"By the end of the twentieth century," Australian composer
Percy Grainger is quoted as saying on the back cover of the booklet of this delightful release, "people will be listening to African music ... they'll be dancing to African music ... the Asian gamelan." Pretty prescient! The young Australian group Woof! here presents music from a neglected aspect of
Grainger's output: his music for "tuned percussion," which he defined as glockenspiels, xylophones, and bells, augmented by such related instruments as the celeste, piano, and the instruments of the Javanese and Balinese gamelan orchestras. It was Indonesian music, which
Grainger heard in Paris in 1900, that apparently first inspired his interest in tuned percussion, and he continued to explore it over the years in the U.S., Europe, and his native country. He performed and lectured on this music but never published it. The mixture of pieces will generally be familiar to
Grainger fans: there are arrangements of folk songs and original pieces that draw on Anglo folk idioms in the composer's unique way.
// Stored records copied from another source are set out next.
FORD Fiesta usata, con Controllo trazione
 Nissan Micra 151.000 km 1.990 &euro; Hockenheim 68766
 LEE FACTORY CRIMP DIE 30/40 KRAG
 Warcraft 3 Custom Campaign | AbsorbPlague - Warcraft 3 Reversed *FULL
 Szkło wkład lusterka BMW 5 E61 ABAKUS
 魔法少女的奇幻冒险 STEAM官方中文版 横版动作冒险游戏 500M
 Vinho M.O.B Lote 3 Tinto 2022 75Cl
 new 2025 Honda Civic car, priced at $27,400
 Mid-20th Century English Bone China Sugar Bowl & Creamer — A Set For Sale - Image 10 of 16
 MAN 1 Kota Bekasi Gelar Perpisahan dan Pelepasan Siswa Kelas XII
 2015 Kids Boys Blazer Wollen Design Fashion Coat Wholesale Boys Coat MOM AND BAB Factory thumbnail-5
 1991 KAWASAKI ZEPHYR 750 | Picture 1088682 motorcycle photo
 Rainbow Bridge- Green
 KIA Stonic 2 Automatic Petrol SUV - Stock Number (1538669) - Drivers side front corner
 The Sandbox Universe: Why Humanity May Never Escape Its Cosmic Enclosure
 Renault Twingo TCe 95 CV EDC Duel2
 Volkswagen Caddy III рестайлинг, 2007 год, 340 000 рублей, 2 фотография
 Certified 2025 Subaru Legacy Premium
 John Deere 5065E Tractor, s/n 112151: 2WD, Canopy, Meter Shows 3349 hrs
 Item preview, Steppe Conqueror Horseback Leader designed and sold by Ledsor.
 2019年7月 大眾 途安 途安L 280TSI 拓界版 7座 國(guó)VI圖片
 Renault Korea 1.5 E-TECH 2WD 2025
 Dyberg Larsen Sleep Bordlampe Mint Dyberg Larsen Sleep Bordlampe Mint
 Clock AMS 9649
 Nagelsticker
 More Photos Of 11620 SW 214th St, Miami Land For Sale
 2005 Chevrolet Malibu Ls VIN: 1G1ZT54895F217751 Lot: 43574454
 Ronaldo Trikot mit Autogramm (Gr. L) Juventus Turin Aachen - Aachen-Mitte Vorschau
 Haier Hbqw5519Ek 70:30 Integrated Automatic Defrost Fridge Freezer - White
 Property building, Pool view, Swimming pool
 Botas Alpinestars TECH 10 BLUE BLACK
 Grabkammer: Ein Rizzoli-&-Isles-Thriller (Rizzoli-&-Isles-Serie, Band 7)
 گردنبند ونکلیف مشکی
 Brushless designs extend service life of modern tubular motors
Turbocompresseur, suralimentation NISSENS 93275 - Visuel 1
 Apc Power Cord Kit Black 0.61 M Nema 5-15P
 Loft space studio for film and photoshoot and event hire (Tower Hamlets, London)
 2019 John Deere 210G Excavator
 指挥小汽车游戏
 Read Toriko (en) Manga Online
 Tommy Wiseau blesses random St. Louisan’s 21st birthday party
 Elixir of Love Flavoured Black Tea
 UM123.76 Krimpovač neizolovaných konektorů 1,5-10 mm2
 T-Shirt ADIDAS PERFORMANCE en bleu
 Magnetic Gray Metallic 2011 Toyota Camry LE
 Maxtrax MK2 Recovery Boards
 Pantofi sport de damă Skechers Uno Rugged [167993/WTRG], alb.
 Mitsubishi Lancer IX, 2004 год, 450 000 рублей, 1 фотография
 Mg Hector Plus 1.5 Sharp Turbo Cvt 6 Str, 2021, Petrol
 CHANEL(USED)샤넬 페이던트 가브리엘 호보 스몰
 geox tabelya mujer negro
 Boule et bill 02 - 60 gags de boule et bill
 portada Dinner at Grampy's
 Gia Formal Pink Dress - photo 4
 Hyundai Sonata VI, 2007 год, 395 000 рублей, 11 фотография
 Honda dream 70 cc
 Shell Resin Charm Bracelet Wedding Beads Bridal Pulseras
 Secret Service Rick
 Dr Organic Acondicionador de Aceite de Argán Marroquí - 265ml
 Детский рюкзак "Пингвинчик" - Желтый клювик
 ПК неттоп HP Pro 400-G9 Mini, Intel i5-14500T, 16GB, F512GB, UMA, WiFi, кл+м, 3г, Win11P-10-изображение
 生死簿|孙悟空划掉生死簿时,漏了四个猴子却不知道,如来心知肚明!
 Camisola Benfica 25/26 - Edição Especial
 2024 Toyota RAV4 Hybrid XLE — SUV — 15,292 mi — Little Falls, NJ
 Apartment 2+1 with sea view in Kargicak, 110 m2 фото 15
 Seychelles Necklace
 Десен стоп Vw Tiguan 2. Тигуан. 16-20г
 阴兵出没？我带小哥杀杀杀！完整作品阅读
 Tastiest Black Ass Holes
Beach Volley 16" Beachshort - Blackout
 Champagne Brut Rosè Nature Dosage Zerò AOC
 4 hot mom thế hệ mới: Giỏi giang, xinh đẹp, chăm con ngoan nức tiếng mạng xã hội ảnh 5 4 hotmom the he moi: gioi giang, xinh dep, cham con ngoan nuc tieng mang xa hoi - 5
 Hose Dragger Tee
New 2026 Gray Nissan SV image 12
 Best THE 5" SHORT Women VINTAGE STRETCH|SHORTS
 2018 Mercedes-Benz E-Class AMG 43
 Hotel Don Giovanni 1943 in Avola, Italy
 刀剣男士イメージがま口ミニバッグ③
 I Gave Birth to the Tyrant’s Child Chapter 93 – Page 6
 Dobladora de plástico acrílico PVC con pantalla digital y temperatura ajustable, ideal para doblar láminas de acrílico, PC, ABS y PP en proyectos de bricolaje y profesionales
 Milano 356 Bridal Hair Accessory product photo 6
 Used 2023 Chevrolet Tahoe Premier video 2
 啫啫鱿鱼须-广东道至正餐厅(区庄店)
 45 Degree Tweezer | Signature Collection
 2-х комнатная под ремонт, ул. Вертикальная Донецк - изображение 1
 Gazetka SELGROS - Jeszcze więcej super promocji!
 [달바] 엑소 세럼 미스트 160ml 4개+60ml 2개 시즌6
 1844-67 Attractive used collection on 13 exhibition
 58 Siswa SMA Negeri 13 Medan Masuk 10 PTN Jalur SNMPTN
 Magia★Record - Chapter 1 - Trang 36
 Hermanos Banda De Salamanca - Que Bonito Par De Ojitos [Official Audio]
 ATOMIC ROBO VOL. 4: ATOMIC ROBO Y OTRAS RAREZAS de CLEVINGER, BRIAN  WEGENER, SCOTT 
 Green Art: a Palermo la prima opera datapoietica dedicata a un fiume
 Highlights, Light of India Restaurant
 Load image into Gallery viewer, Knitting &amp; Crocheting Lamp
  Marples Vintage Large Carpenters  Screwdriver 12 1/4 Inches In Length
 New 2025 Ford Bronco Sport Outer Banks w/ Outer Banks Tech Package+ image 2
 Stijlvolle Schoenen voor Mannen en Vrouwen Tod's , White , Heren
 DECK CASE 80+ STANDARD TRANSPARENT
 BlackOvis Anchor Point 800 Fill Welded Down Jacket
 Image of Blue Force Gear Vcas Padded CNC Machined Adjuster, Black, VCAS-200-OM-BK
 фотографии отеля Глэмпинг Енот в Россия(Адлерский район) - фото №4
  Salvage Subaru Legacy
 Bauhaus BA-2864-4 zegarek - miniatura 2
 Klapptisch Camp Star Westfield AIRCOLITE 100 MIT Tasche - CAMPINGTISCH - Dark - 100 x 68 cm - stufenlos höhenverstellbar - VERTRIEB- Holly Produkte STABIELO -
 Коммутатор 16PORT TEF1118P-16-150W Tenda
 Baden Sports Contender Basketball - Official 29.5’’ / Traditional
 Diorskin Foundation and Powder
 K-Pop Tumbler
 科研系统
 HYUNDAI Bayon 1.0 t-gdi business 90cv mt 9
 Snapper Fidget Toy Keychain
Grainger also arranged classical compositions by Bach,
Ravel, and
Debussy for percussion ensemble, and these are very interesting: they are not simply novelty arrangements but abstractions of the percussive aspect of the pieces involved. Also intriguing are a couple of arrangements of Indonesian pieces, using gamelan instruments, and one odd work of indeterminate ethnic origin entitled Bahariyale V. Palaniyandi (track 10). These were notated by
Grainger from recordings, not directly from performances, and in the Indonesian cases something gets lost in translation, but the enterprise was pioneering for its time. The uses of all this music for student percussion groups would seem to be endless, and it seems a shame that it has remained buried for so long. It's also a great deal of fun. Kudos to Woof! for exploring it.